Search code examples
regexoracle-databaseoracle19c

SQL REGEX not working like its expected to


I'm having issues finding a solution for this

set serveroutput on;
declare
EmailRegexp CONSTANT VARCHAR2(1000) :='^[a-z0-9!#$%&''*+/=?^_`{|}~-]+(\.[a-z0-9!#$%&''*+/=?^_`{|}~-]+)*@([a-z0-9]([a-z0-9-]*[a-z0-9])?\.)+([A-Z]{2,})$';
p_vInEmailAddress VARCHAR2(30) := '[email protected]';

begin 
dbms_output.put_line('regex: '||LOWER(SUBSTR(REGEXP_SUBSTR(p_vInEmailAddress, '\.([^.\n\s]*)$'), 2))||''''); 
end;

--results:
--regex: '
--PL/SQL procedure successfully completed.
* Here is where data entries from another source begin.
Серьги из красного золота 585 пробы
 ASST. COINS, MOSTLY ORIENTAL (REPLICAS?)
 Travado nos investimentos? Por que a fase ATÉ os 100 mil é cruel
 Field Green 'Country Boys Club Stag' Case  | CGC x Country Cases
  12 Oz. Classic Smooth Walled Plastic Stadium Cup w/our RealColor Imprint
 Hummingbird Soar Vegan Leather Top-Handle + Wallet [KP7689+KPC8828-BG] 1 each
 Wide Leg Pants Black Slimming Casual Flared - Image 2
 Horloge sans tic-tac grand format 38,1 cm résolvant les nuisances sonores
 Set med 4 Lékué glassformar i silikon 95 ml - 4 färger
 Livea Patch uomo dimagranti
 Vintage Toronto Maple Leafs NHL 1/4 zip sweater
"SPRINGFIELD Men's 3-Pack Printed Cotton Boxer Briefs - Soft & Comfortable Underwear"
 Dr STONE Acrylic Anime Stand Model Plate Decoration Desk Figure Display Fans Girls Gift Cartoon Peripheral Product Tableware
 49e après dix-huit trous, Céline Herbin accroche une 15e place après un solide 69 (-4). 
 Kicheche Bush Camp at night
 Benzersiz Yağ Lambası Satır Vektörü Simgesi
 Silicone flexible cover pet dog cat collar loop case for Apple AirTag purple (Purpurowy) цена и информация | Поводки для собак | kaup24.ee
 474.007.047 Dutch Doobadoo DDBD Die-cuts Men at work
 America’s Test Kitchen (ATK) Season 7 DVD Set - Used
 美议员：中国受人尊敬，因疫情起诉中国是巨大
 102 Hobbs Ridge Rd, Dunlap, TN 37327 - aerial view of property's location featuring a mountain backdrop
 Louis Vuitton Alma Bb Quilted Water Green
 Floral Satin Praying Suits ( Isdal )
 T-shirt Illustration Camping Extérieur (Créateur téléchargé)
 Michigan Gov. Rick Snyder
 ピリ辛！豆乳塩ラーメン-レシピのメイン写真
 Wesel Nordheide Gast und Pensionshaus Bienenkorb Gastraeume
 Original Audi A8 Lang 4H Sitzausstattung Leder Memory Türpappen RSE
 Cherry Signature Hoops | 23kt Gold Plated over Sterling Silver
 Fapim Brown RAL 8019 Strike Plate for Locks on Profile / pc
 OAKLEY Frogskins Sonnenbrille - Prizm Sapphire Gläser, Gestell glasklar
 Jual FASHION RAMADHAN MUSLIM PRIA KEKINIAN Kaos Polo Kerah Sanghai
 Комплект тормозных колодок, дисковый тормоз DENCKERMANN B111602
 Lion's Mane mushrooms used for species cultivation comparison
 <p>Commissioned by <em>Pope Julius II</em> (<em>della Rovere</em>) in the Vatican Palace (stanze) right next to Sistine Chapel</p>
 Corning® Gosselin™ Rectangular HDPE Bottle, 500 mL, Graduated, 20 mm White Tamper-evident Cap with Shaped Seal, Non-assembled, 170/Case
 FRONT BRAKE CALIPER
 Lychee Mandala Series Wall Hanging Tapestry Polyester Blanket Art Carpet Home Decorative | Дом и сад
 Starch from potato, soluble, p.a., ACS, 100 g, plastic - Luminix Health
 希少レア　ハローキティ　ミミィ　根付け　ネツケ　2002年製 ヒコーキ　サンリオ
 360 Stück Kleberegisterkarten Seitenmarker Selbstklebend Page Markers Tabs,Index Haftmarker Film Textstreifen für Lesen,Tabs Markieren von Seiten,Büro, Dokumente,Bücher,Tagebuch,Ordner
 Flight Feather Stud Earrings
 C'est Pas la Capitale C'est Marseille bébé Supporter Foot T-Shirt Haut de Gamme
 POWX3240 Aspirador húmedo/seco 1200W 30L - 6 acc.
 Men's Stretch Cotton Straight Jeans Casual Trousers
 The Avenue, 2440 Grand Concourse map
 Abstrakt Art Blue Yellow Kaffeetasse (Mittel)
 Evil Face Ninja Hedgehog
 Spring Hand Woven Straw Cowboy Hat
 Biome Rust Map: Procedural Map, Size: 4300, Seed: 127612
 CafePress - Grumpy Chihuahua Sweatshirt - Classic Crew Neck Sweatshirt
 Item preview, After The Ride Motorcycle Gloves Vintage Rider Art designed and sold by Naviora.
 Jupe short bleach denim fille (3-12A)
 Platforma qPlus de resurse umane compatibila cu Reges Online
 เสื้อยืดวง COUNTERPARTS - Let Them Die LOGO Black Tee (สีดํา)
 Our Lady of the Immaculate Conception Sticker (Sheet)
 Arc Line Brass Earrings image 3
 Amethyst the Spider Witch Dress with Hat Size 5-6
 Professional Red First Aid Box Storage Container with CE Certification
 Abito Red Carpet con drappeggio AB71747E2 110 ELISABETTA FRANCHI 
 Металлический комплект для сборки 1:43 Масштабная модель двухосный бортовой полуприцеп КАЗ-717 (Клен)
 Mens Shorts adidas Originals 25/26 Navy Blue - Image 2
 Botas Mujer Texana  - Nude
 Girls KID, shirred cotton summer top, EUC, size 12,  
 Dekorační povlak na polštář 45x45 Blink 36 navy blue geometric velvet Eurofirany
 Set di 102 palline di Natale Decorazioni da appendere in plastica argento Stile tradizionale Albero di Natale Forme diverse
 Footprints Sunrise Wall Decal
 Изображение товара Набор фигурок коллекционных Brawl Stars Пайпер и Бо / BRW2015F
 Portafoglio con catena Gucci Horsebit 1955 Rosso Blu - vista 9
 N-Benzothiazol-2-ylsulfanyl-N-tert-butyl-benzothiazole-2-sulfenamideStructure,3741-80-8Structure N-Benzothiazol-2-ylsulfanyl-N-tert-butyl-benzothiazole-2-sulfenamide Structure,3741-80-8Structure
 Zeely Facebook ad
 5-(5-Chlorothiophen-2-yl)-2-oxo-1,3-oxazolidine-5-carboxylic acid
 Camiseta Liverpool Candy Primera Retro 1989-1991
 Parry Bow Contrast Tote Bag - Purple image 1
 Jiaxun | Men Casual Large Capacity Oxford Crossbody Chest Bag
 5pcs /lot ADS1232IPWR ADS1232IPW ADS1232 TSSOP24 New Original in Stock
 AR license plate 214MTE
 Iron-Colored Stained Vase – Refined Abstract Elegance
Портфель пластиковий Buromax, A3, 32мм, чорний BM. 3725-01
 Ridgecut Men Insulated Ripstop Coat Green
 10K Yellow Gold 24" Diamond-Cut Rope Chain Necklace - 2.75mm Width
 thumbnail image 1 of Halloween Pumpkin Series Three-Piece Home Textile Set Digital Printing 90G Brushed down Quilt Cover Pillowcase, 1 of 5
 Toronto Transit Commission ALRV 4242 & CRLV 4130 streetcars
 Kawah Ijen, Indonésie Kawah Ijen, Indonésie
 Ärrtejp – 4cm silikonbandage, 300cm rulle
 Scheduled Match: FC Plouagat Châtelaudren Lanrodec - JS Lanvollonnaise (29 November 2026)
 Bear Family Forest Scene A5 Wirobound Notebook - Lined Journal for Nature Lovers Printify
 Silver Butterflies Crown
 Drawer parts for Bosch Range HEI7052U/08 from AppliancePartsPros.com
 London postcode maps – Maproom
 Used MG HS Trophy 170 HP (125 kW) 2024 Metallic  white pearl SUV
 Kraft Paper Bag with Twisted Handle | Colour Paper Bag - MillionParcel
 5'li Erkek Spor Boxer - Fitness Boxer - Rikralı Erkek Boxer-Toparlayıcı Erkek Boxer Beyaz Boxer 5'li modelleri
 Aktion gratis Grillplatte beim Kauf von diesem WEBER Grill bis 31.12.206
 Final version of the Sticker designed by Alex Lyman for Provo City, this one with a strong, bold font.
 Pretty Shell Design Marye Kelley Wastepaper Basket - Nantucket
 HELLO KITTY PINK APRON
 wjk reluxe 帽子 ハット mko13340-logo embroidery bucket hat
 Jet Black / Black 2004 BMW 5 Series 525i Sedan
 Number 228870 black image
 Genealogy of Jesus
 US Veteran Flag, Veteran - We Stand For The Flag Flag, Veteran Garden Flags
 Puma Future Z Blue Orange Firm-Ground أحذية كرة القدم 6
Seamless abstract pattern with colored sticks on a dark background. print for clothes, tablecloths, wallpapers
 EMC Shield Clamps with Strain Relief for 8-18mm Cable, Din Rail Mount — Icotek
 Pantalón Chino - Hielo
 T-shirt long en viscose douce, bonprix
--now if i do this instead: 
p_vInEmailAddress VARCHAR2(30) := '[email protected]';
--I get results back

--PL/SQL procedure successfully completed.

--regex: com'

What am I doing wrong and why does it not like '.net' part?

How can I fix this?

Thanks


Solution

  • The problematic part of your query can be reduced to:

    begin 
      dbms_output.put_line(
        REGEXP_SUBSTR(
          '[email protected]',
          '\.([^.\n\s]*)$'
        )
      ); 
    end;
    /
    

    The regular expression \.([^.\n\s]*)$ is looking for:

    1. A dot character \.; then
    2. Zero-or-more characters that are not a dot . or a slash \ or an n or a slash \ or an s; then
    3. The end-of-the-string.

    The problem is that your string has an n character and the regular expression is excluding n as \n is interpreted as two characters and not the perl-like expression representing a single newline character. You want to replace \n with the CHR(10) character outside the string literal (or a newline inside it) and \s with the posix-expression [:space:].

    What you want is:

    begin 
      dbms_output.put_line(
        REGEXP_SUBSTR(
          '[email protected]',
          '\.([^.' || CHR(10) || '[:space:]]*)$'
        )
      ); 
    end;
    /
    

    or

    begin 
      dbms_output.put_line(
        REGEXP_SUBSTR(
          '[email protected]',
          '\.([^.
    [:space:]]*)$'
        )
      ); 
    end;
    /
    

    db<>fiddle here